Once outside, Elisabeth was observing things as per usual.

“Daddy?” she asked. “Why does the man in the hardware store always shake his head when you leave?”

“Because he’s been talking to your mother,” I said.

I got right to work when we returned home. I had taken the runner and stair treads off to paint the front porch. My friend Kevin, who was the neighborhood handyman, had originally put the treads down to stay forever, so getting them off in the first place was tricky. The treads didn’t come off easily, and some of the gooey stuff stayed on the porch surface. It was hard to remove, and I had scraped off as much as I could before painting over it.

The runner itself had been draped over stuff in the back yard. It had been in the sun; it had been in the rain. And the double-sided tape Kevin used to glue the runner to the porch was still stuck all over it.

I had to get that tape off to start the job.

“How sticky can it be?” I asked myself.

Right then and there I should have driven back to the hardware store for advice.

But no, I figured I could handle getting the tape off pretty quickly.

Not in my lifetime.

Tale of the tape

Yes, I got the first piece of tape off, then a second. The fabric was falling apart in my hands and the glue was getting all over me.

Up to this point, I had been doing something intelligent — I was removing the tape with one hand — my right hand. I decided to rest for a minute and get a drink, because removing the gooey tape from a 12-foot rubber runner was as much work as skinning an alligator.

Sitting down on the porch, I put down my right hand for balance.

And my hand stuck solid to the porch.

I pulled. I twisted. I tried doing it slowly. I tried jerking my hand up. I tried to slide my hand with the glue.

Nothing.

I was stuck — literally, virtually and incredibly.

My brain was working overtime. “If I call my wife for help,” I said to myself, “I am never going to hear the end of this. If I just think about this for a couple of minutes, I’ll come up with something.”

Overhead, satellites passed through the sky. In the distance, children were singing. I could hear my neighbor’s wife clanging pots and pans in her kitchen.

But there was no joy on my front porch. I was stuck to it. I had a brain flash, thinking that perhaps the glue would harden and the EMS guys would have to saw away some skin to let me loose.

I finally decided that the problem was that I’d created a vacuum somehow, between my hand and the porch, with the glue forming the seal. I needed to get some air under the palm of my hand, and then I could probably pull my hand up.

My paint scraper was a few feet away, and I gyrated until I could kick it over to my left side.

Just as I started to pry into the glue to get my hand free, our neighbor drove by and stopped, window down, asking me how the job was going.

“Great! Great!” I said. “I’m sticking to it.”

I was waving to him with one hand, the other still steadfastly fastened to the porch floor. And I thought, “I must look like a gymnast at the end of a floor exercise, taking a rest and waving to the crowd.”
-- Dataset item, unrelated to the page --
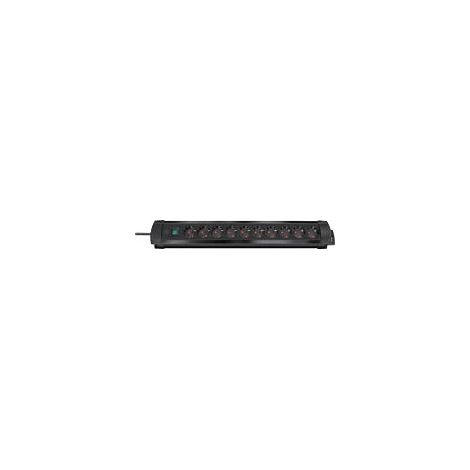 Multiprise brennenstuhl premium-line 10 prises câble 3m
My friend drove off, and I could swear he was shaking his head.

After I managed to get the paint scraper under my hand, I was able to leverage it and get my hand off the porch with a sound of air getting sucked into the vacuum under my hand.

Seconds later, my wife wanted to know why I was scrubbing my hands so vigorously in her kitchen sink.

“I’ve got to get this glue off my hand before I get stuck to something,” I told her. She was very helpful. We tried hot and cold water. Dishwashing detergent. Rubbing alcohol. Cleanser. Dirt. Peanut butter. Taco sauce.

Finally, we found an old can of mineral spirits and ZAP! The glue came off.

“That’s some glue,” my wife said.

“Sure is,” I agreed.

“You’re lucky you didn’t get stuck to the porch,” she said, turning to walk into the dining room.

I could swear she was shaking her head.